But I must say, I do love my kitchen. No, it's not glamorous. It's not bright, shiny, modern, or sleek. I gave up that dream several years ago after an experience with a large, Big Box store that tried to convince me that all appliances were standard-size and would of course fit into the spaces left by my old, needing-to-be-replaced appliances. I am here to tell you that they are not.
My kitchen has shaped me, defined me, changed the way I look at and prepare food. Its limitations and challenges are only as limiting and challenging as I allow them to be. Can I cook for 50? Yes, but in stages, and preferably as flights of hors d'oeuvres. Can I wash dishes after a dinner party for 20? Yes, but I will be up until 3 in the morning, and that's OK. Can I store enough food for an eight-course sit-down dinner? Yes, but I will need to bring in large coolers with plenty of ice. And I will need to hide those coolers in the adjoining laundry room. And I will need to stack those coolers to the ceiling, requiring the use of a forklift to move them around.
Sometimes, even though I live part-time in Kitchen Beautiful Dreamland, I am convinced that I would not be as good a cook if I had a modern, sleek, up-to-date kitchen with all the bells and whistles. I fear I would become lazy and complacent. I know a woman who has a beautiful kitchen--a glamorous, darkly rich showplace of copper, black variegated granite and Brazilian walnut. But sadly, this woman doesn't cook so much as she assembles. A box of this, a can of that, reheated take-out foods. There isn't a lot of creativity that emerges from this beautiful kitchen. It is as if the creative energy has been stripped away to make room for all that stop-your-heart beauty. Sort of like the difference between Kiri te Kanawa and Maria Callas. One sings with amazing technically precise and exacting beauty. The other sings with a deep soulfulness and with such heart-wrenching intensity that the roughness and imprecision of her voice carves its own thing of beauty, like Michelangelo transformed a raw, flawed piece of marble into his famous Statue of David.
Sometimes, I think that it is my kitchen's flaws and its terroir that defines my food. Its shortcomings and limitations have forced me to problem-solve in ways I might never have confronted in my cooking career. The lack of counter space, storage space, and the cursed electric stove have cramped and molded my cooking style. The embarrassingly old porcelain sink, which always needs a good come-uppance with a can of Comet, is small and shallow. The pantry? A mere linen closet! What if I did not have these challenges? Would I be a better cook? Would I be more productive and efficient? Maybe. But I think not. As Ms. Jaffrey has observed, "I've realized that a dream kitchen isn't absolutely necessary: It's your aspirations for the food that make a kitchen come to life...After all, it is the food that comes out of the kitchen that matters most."

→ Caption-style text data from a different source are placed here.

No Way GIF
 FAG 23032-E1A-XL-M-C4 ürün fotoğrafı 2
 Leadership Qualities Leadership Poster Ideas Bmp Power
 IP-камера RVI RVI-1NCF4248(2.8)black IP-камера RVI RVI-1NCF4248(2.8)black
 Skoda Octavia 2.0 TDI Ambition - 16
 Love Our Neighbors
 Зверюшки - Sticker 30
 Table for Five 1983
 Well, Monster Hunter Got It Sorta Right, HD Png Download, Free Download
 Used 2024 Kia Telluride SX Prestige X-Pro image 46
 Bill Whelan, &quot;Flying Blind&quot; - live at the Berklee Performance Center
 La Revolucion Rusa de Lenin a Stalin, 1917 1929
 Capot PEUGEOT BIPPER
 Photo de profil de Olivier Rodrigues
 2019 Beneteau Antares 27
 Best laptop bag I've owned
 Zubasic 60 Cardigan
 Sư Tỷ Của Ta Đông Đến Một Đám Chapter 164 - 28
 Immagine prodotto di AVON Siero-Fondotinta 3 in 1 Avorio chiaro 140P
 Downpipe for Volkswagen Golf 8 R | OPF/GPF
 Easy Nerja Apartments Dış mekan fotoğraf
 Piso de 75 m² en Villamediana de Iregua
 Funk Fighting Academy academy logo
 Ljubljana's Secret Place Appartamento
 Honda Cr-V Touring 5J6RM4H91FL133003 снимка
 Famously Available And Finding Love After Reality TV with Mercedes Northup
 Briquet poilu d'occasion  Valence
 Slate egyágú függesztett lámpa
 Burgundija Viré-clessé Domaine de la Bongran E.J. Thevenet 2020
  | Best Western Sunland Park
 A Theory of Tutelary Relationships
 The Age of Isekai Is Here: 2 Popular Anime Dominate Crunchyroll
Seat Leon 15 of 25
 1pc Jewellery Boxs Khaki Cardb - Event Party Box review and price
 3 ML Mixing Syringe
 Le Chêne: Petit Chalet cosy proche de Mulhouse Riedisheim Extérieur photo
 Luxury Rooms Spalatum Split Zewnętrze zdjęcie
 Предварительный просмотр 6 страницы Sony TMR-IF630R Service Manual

And so, like an old, familiar lover, my kitchen remains embedded in my heart, my soul, my technical expertise (or lack thereof). Like an old familiar lover, my kitchen is familiar to me, beloved, war-torn, battled-scarred, molded to my will. And like an old, familiar lover, my kitchen can also have its way with me, can convince me that I am the most beautiful and gifted of all its previous lovers, or it can bring me to my knees in humble submission, wishing for swift and sweet mercy.
There's something to be said for that kind of relationship.